[[ Exercise material, beginning ]]
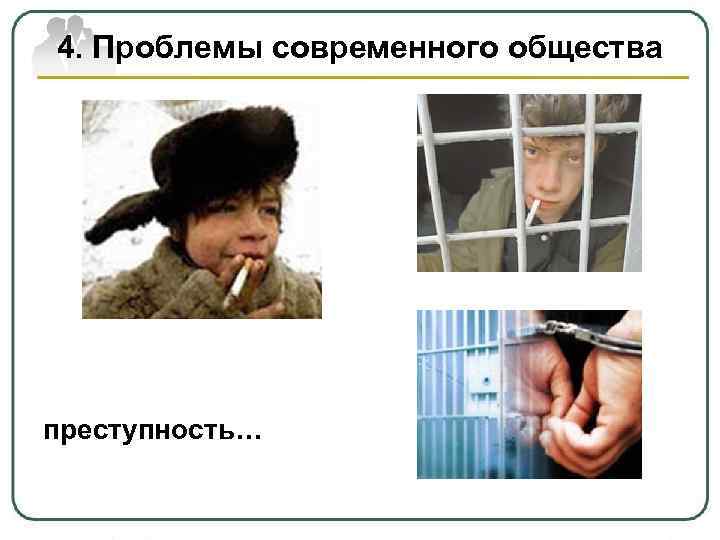 4. Проблемы современного общества преступность… 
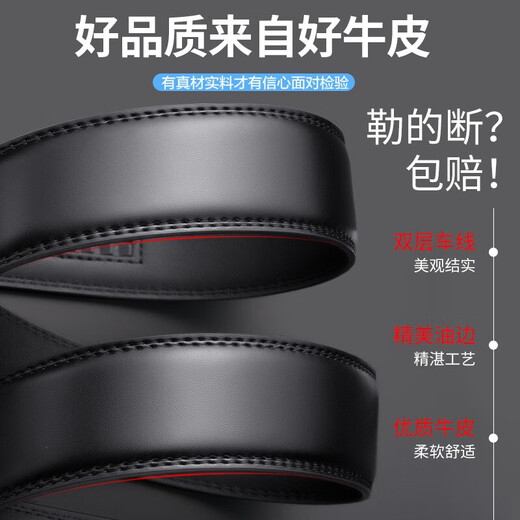 SEPTWOLVES belt men's genuine cowhide automatic buckle belt cowhide pure business casual pants belt birthday gift for husband and dad dark plaid black gift box official direct sale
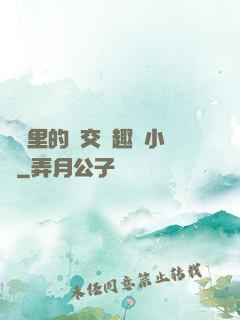 農場里的獸交筆趣閣小說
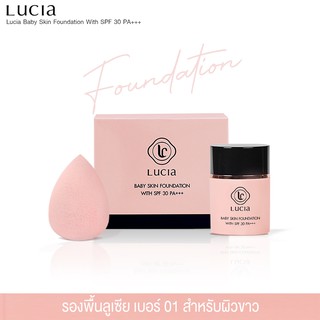 สินค้า Lucia Baby Skin Foundation รองพื้นลูเซีย C01 ผิวขาว 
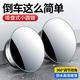 Milicai Car Rehrower Miroir Miroir rond Bonnet Berotte aveugle Inversion du réflecteur auxiliaire ultra-clair Miroir à 360 degrés panoramique grand angle Asseure de tasse en argent Aspiration sans cadre + Verre réel imperméable 1 paire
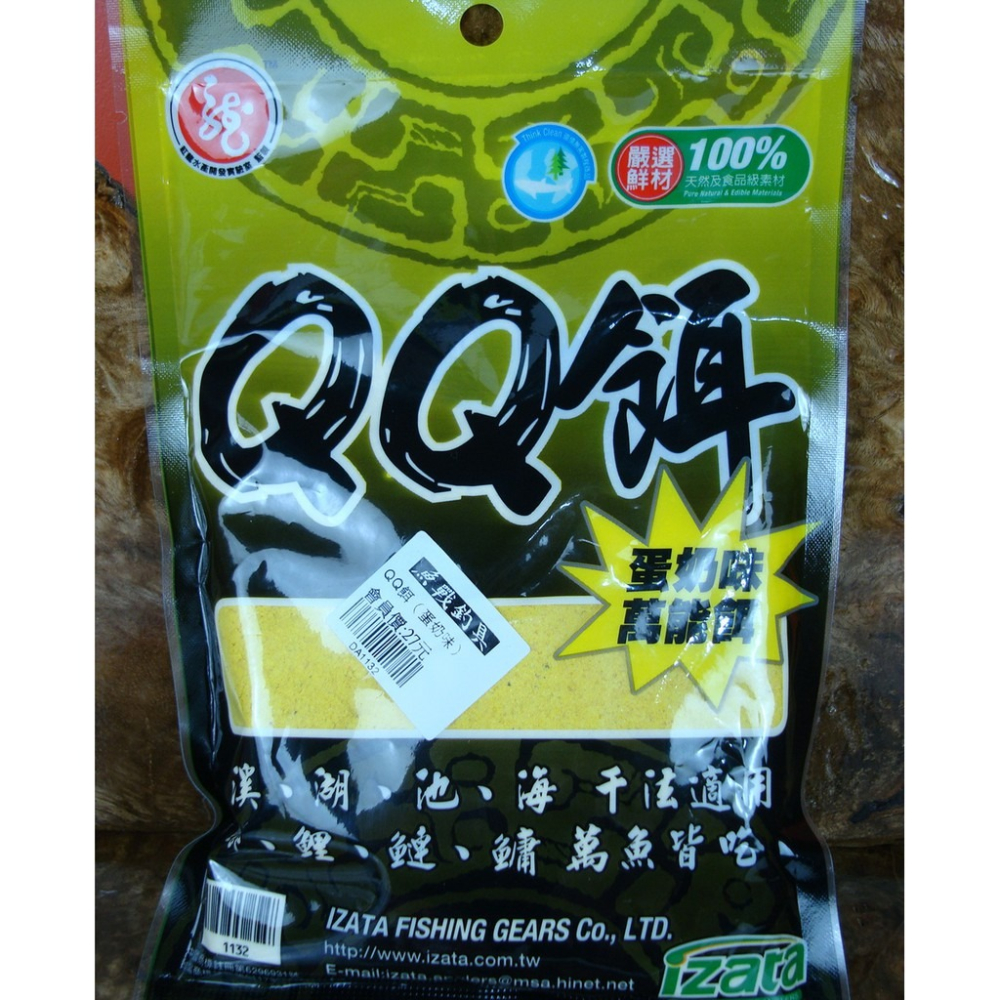 【魚戰釣具】QQ餌 福壽香精 池釣利器 福壽 鯽魚  鯉魚 日鯽 魚餌 拉絲  綜合餌  狀態粉-細節圖2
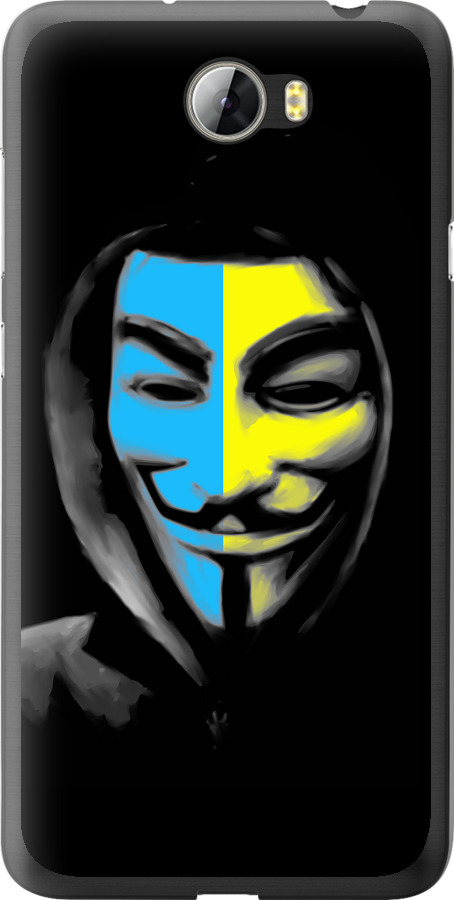 Український анонімус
[[ Exercise material, end ]]
▸ **Task to carry out**
Give an exact copy of the data, and omit any pictures it holds.

▸ **Answer to this exercise**
 4. Проблемы современного общества преступность… 
 SEPTWOLVES belt men's genuine cowhide automatic buckle belt cowhide pure business casual pants belt birthday gift for husband and dad dark plaid black gift box official direct sale
 農場里的獸交筆趣閣小說
 สินค้า Lucia Baby Skin Foundation รองพื้นลูเซีย C01 ผิวขาว 
 Milicai Car Rehrower Miroir Miroir rond Bonnet Berotte aveugle Inversion du réflecteur auxiliaire ultra-clair Miroir à 360 degrés panoramique grand angle Asseure de tasse en argent Aspiration sans cadre + Verre réel imperméable 1 paire
 【魚戰釣具】QQ餌 福壽香精 池釣利器 福壽 鯽魚  鯉魚 日鯽 魚餌 拉絲  綜合餌  狀態粉-細節圖2
 Український анонімус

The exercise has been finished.